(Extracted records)

§ §

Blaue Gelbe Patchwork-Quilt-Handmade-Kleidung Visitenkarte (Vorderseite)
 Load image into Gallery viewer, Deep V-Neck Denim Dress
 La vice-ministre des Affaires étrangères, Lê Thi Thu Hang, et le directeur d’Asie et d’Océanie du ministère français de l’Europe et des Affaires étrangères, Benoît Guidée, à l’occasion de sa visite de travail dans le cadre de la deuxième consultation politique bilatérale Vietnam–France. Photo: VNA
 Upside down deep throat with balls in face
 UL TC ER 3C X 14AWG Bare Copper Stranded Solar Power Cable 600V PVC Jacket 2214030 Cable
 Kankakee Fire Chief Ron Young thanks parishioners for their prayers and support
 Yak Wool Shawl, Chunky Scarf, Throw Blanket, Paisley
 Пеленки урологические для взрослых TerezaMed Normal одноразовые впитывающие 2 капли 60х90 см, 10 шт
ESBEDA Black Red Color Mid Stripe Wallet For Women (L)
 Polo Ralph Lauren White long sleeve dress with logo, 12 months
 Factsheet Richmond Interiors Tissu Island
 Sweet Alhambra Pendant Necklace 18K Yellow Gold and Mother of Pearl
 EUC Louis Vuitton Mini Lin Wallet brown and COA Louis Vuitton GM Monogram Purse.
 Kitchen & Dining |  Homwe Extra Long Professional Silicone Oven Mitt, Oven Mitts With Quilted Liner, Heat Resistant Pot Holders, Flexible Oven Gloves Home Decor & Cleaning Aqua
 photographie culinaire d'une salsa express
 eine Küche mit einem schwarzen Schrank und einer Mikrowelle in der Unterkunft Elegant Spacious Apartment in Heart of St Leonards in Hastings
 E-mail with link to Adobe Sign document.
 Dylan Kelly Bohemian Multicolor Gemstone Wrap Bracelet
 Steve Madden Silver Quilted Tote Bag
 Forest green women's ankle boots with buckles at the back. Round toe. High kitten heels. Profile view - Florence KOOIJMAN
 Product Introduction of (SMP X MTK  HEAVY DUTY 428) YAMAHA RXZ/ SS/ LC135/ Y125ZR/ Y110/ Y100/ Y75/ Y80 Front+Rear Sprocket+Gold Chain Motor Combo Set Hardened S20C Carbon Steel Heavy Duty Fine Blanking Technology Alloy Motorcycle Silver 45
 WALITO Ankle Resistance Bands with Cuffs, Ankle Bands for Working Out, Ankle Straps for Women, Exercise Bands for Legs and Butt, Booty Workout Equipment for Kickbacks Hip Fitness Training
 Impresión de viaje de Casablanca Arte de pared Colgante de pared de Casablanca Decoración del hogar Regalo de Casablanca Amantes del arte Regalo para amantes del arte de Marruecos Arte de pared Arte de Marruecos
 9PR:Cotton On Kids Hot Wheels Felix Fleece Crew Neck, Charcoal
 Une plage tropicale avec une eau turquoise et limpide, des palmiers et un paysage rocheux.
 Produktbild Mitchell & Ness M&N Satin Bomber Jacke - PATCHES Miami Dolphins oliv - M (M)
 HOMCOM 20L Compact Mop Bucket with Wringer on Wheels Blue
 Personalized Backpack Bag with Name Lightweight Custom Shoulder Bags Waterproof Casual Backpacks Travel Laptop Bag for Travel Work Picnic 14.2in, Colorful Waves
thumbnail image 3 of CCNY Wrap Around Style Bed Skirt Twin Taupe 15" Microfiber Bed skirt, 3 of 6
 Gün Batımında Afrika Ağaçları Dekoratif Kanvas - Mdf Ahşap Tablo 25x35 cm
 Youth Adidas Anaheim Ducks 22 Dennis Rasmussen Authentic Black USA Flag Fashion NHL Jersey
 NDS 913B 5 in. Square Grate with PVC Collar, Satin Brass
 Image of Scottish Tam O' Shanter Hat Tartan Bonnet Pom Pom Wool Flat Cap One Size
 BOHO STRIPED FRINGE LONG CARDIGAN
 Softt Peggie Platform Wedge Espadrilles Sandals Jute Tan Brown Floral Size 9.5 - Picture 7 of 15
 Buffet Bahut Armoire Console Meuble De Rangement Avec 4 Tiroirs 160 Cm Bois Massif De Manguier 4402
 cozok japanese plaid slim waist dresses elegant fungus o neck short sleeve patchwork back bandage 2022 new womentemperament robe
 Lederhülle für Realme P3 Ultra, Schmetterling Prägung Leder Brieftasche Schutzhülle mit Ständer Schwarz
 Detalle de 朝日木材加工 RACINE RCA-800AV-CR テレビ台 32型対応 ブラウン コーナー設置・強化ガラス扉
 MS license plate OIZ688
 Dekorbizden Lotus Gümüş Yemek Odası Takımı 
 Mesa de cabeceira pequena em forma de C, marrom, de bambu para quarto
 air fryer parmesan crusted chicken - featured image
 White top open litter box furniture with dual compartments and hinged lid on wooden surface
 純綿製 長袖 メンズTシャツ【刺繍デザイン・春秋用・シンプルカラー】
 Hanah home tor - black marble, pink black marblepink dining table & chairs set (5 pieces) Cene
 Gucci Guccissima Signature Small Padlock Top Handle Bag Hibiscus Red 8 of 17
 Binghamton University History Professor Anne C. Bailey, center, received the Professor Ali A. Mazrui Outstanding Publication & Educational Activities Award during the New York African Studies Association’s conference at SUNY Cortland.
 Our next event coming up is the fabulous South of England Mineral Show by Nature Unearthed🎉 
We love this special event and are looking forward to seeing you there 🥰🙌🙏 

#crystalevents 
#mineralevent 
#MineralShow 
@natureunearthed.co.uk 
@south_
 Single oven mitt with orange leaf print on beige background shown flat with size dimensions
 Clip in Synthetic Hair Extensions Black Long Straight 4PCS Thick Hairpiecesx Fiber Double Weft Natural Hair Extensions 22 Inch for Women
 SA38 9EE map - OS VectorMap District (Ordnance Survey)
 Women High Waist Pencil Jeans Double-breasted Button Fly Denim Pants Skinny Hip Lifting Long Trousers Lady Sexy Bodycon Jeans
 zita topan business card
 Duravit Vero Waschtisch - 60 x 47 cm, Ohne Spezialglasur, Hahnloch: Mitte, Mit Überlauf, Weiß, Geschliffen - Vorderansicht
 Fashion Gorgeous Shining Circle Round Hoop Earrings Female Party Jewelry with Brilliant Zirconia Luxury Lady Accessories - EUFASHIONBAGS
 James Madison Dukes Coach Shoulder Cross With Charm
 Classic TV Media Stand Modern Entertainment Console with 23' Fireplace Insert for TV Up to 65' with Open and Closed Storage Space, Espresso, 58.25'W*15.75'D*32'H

§ §

> _Exercise requirements_: The lines above, starting at the one with "Kitchen & Dining" and ending at the one with "Forest green women's", are the only ones to return, exactly as written.

> _Exercise response_:
 Kitchen & Dining |  Homwe Extra Long Professional Silicone Oven Mitt, Oven Mitts With Quilted Liner, Heat Resistant Pot Holders, Flexible Oven Gloves Home Decor & Cleaning Aqua
 photographie culinaire d'une salsa express
 eine Küche mit einem schwarzen Schrank und einer Mikrowelle in der Unterkunft Elegant Spacious Apartment in Heart of St Leonards in Hastings
 E-mail with link to Adobe Sign document.
 Dylan Kelly Bohemian Multicolor Gemstone Wrap Bracelet
 Steve Madden Silver Quilted Tote Bag
 Forest green women's ankle boots with buckles at the back. Round toe. High kitten heels. Profile view - Florence KOOIJMAN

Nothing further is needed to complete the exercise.